It happened today - April 4, 2016

On this date in history Moscow wasn’t founded. A distinction April 4 1147 shares with a great many other historical dates, to be sure. But this one’s a bit different.

It’s different because April 4 1147 is the first historical reference to Moscow, as a minor town on the western edge of the Vladimir-Suzdal Principality. Vladimir was the local big player in those days, and Moscow gets noted because of a meeting there between Yuri Dolgorukiy, son of the Grand Prince of Kiev and then in charge of Vladimir-Suzdal, and Sviatoslav Olgovich, a local potentate with a mixed record who was at that point apparently Prince of Belgorod Kievsky, whatever that was.

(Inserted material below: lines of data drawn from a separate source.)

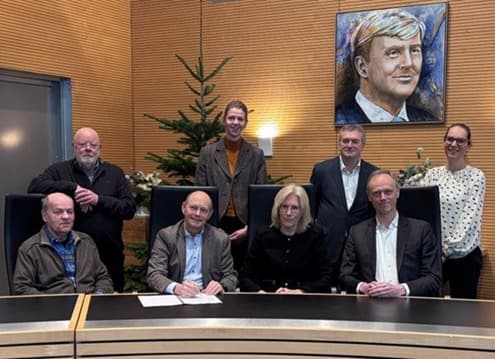 Ondertekening prestatieafspraken 2026-2030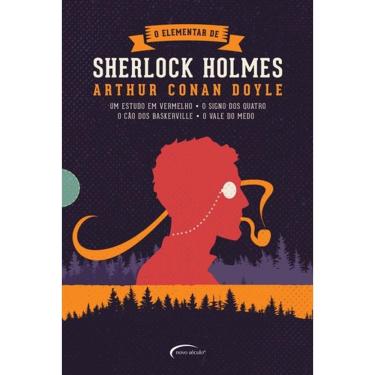 Imagem de Livro - Box O Elementar De Sherlock Holmes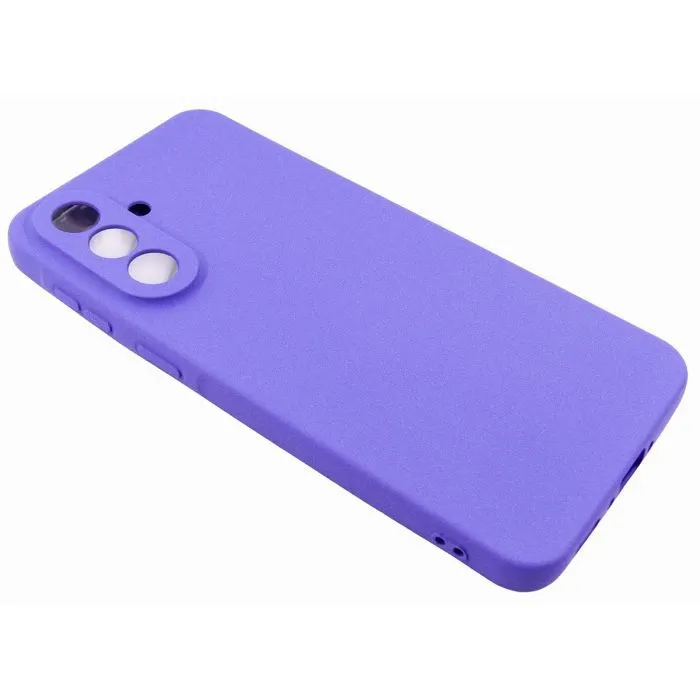 Чехол для мобильного телефона Dengos Carbon Samsung Galaxy A37 Purple (DG-TPU-CRBN-262) изображение 3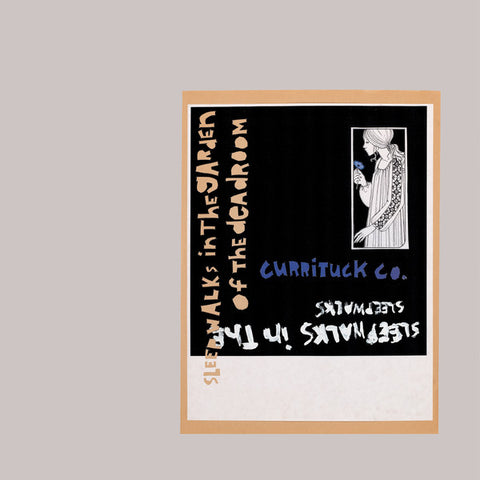 Currituck Co. - Sleepwalks In The Garden Of The Deadroom (LP, Album, RE) - USED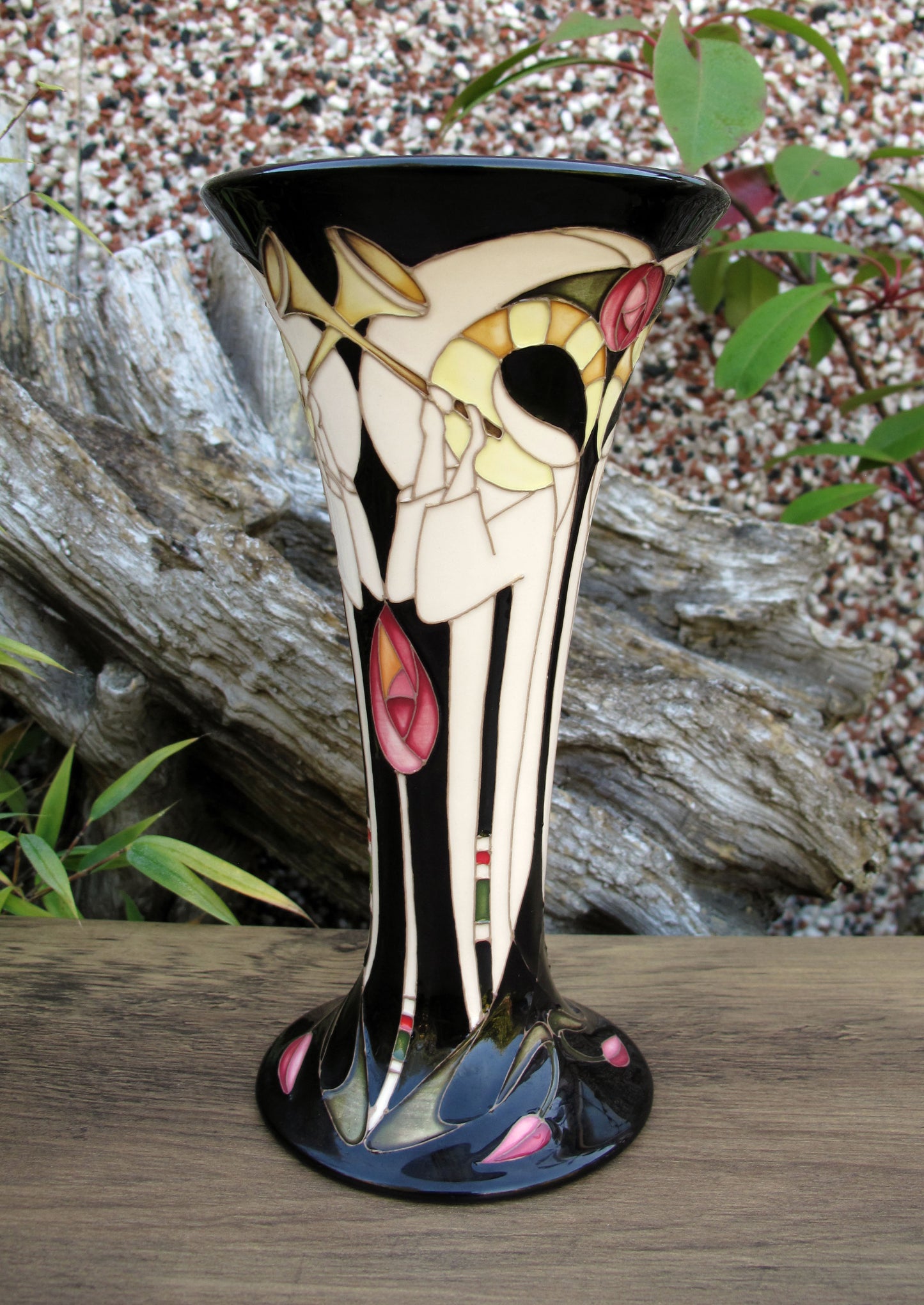 Moorcroft ANGELS WITH TRUMPETS Vase 85/8 Limited Edition 20/25 Retail Price £535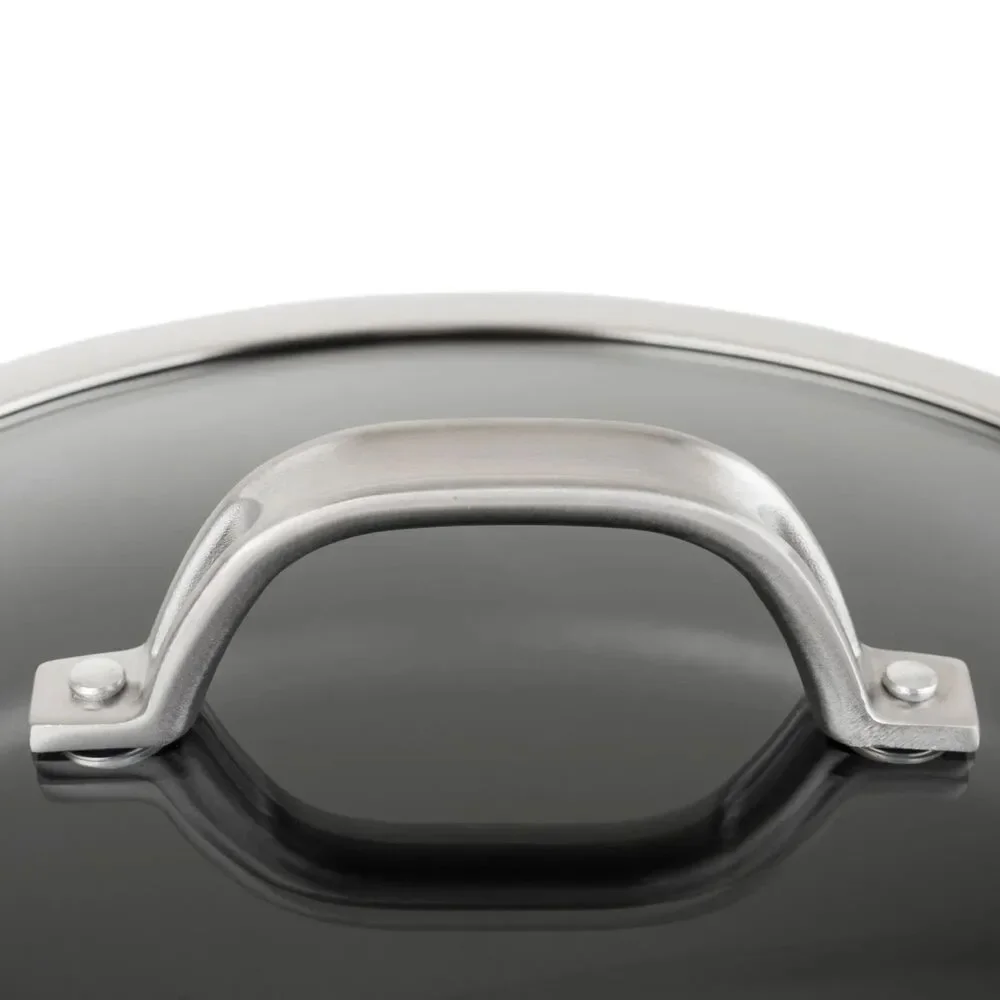 Viking Hard Anodized Nonstick 2-Quart Sauce Pan with Glass Lid NEW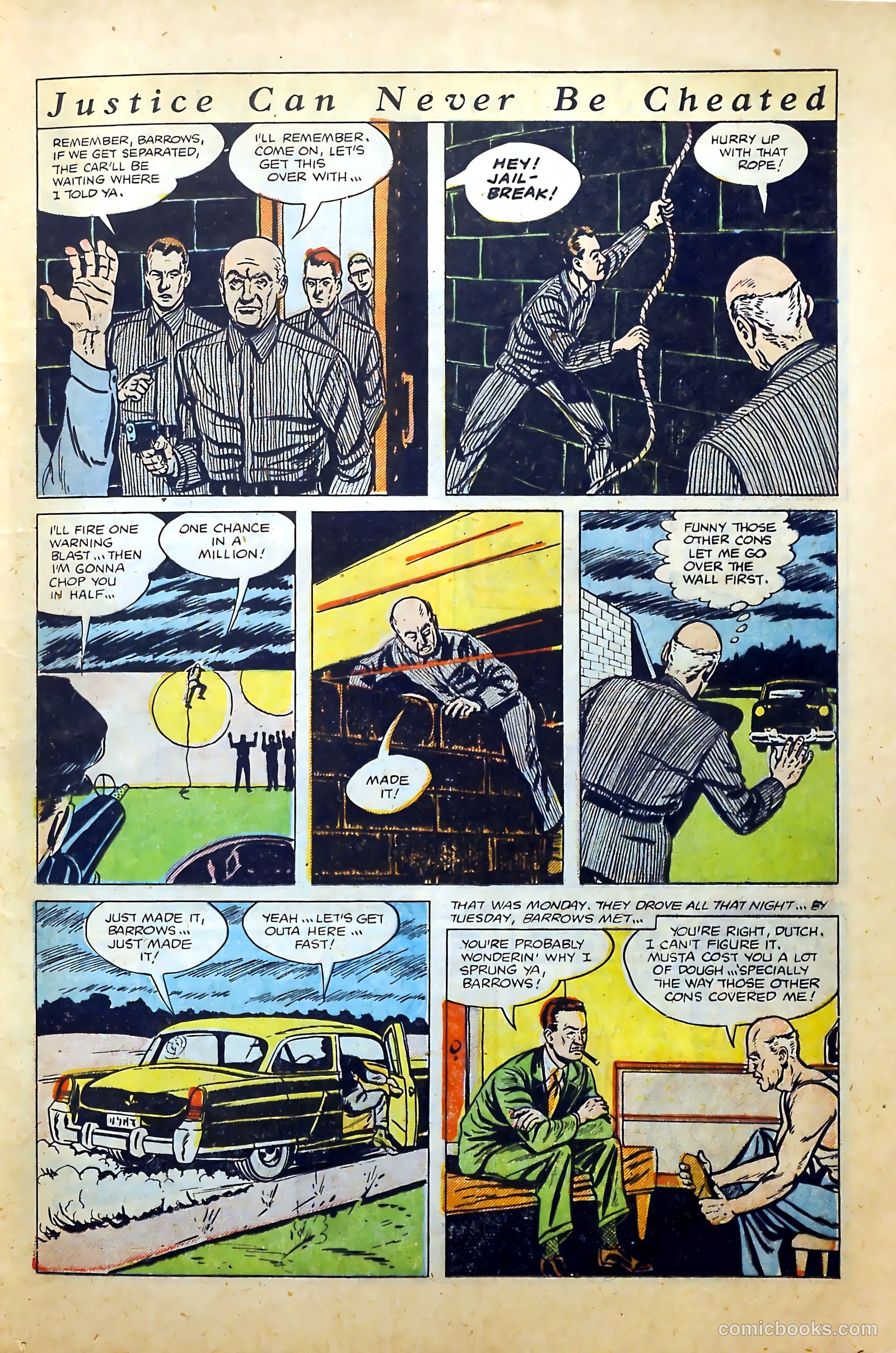 The Perfect Crime #31 — page 13 of 36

Apparently Dolgurukiy liked the place enough to give it a timber fence and moat in 1156. And the invading Mongol Batu Khan hated it enough to burn it down and massacre its inhabitants. So the Moscow that later appeared was, as sadly with so much of the area, deformed by the Tartar yoke in ways that were tragic for its inhabitants and the world.

The site of Moscow or the fort “na Moskvě”, on the Moscow River as it was known when Alexander Nevskii’s youngest son Daniel was given it as some sort of feeble consolation prize in the 1260s, had of course been occupied periodically from at least Neolithic times, as any place suitable for a village or city tends to be. But the Mongol conquest draws a sharp line between what might have happened there and what actually did.

April 4 1147 would be a much happier date without the Mongols. And that quality, too, it shares with a great many other historical dates including very recent ones.